Kari Underly is known nationally for her mastery of meat cutting. Her skill at butchery led her in 2002 to start Range, a firm based in Chicago’s West Loop neighborhood that provides consulting services for the fresh meat and perishable food industries.
Now Underly, a third-generation butcher who grew up near South Bend in northern Indiana, is seeking to raise money to create the Range Meat Academy, which she says will be “the most comprehensive butcher training program in the industry.”
Her goal is nothing less than setting the gold standard for butcher training, while helping to revive a trade that for many years appeared to be dying out as small, independent shops (like the one once owned by her father and grandparents) were replaced by supermarkets that increasingly obtained meat pre-cut and pre-packaged from big industrial packing houses.
Underly says there is no institution in the United States providing the kind of intensive, full-on training for butchers that she proposes for her Academy. She says even top culinary schools, whose core purpose is to train master chefs, lack the resources and space to provide training in ongoing whole-animal butchery.
“These kids coming out of culinary school, paying 50 grand and they’re slinging burgers for 12 bucks an hour, I’d like to offer them an alternative and focus on bringing back the trade,” Underly said. “That means butchery, hanging beef, being able to take that hanging beef, pork, process by hand, and learn different ways of preparing meat. Charcuterie, salumi, smoking brisket.”
And while butchery has long been a trade made up mostly of men, Underly is in the forefront of the increasing number of women who have gained prominence in the field, and she is actively trying to recruit more women to consider careers in butchering.
She has become a featured teacher at the Grrls Meat Camp, described as a “modern butchery for women masterclass and workshop,” the latest of which took place April 12-14 at Napoleon Ridge Farm in Napoleon, Ky. Underly also a Women Working in the Meat Business Retreat in Chapel Hill, N.C., May 20-22. Underly put her skills to print with a book titled The Art of Beef Cutting (John Wiley & Sons, Inc., 2011) that was nominated for a James Beard Foundation Award, and has made numerous television and radio appearances.
Despite her family’s history in meat cutting, Underly said she faced varying degrees of sexism when she started on her own working for a supermarket chain near where she grew up. But her triumphs over retrograde attitudes have helped establish her as a role model for an increasing number of women showing interest in the butchery trade, including younger aspirants who “don’t see ‘man’ and ‘woman’ as much as my generation does… The perceived stereotype is a little less for them.”
The following are excerpts of an interview with Underly that took place April 17 at her Range office in Chicago.
Q: Where does your planning for Range Meat Academy stand, and what are your goals?
A: These kids coming out of culinary school, paying 50 grand and they’re slinging burgers for 12 bucks an hour, I’d like to offer them an alternative and try to focus on bringing back the trade. That means butchery, hanging beef, being able to take that hanging beef, pork, do it by hand, and learn different ways of preparing meat.

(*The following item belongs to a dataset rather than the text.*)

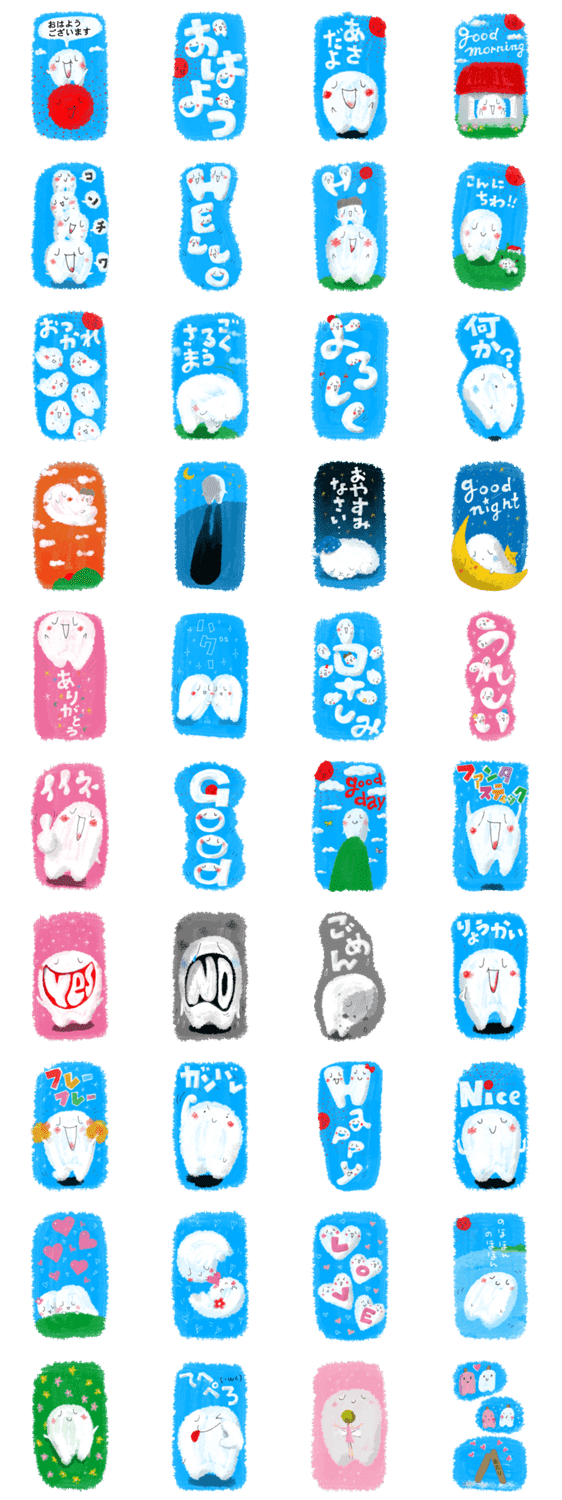 のほほんbigスタンプ Lineクリエイターズスタンプ Stamplist のほほんbigスタンプ Lineクリエイターズスタンプ Stamplist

Charcuterie, salumi, smoking brisket.
The school also would have a strong retail component to it, the butcher shop and the meatery, but also a demonstration area where we could do tastings and flights, and the students will actually have to present to customers… There will also be a track for consumer hobbyists if they just want to take a couple of classes, that will be when there’s downtime in the school and on weekends.
Another thing I’m thinking about is if we have folks who come through the program that may be from a socio-economically challenged neighborhood, then the school could produce some of the products and then open up satellite businesses on the South Side and the West Side and bringing these good quality meats and skills into these neighborhoods.
Q: I see you have another workshop for women coming up in the North Carolina.
A: Yes, the Women in Meat Business. That’s a perfect model. The state of North Carolina wants to keep agriculture within the state. Animal production, processing, abattoirs/slaughter in the state. What they recognized is they didn’t have the skills available. They hired someone like myself and a couple of industry experts to come in and train and build this up…
All of these workshops are slammed. All these women, and they’re finding their voice is a very male-dominated industry.
Q: In all my years, the association of the word ‘butcher’ was ‘man.’ When you were breaking into this, of course, you had a family, so you had bloodlines. But did you face sexism, harassment?
A: Oh, yeah. You name it, yes. From just being ignored. You walk in the room and you’re just ignored. That’s hard to work with somebody for 40 hours a week and they just ignore you. I’ve had men drop trou in the cooler… I was encouraged to go work in the deli, a very female type job, and I said no.
Q: Is it just part of the general trend, where women are finding activities in fields that were foreclosed to them?
I don’t think younger women see man and woman as much as maybe my generation do. I didn’t really think about it when I was going through it, but I definitely knew I was challenged by it. The perceived stereotype is a little less for them. I know five butcher shops that have been recently opened and they’ve all been opened by women.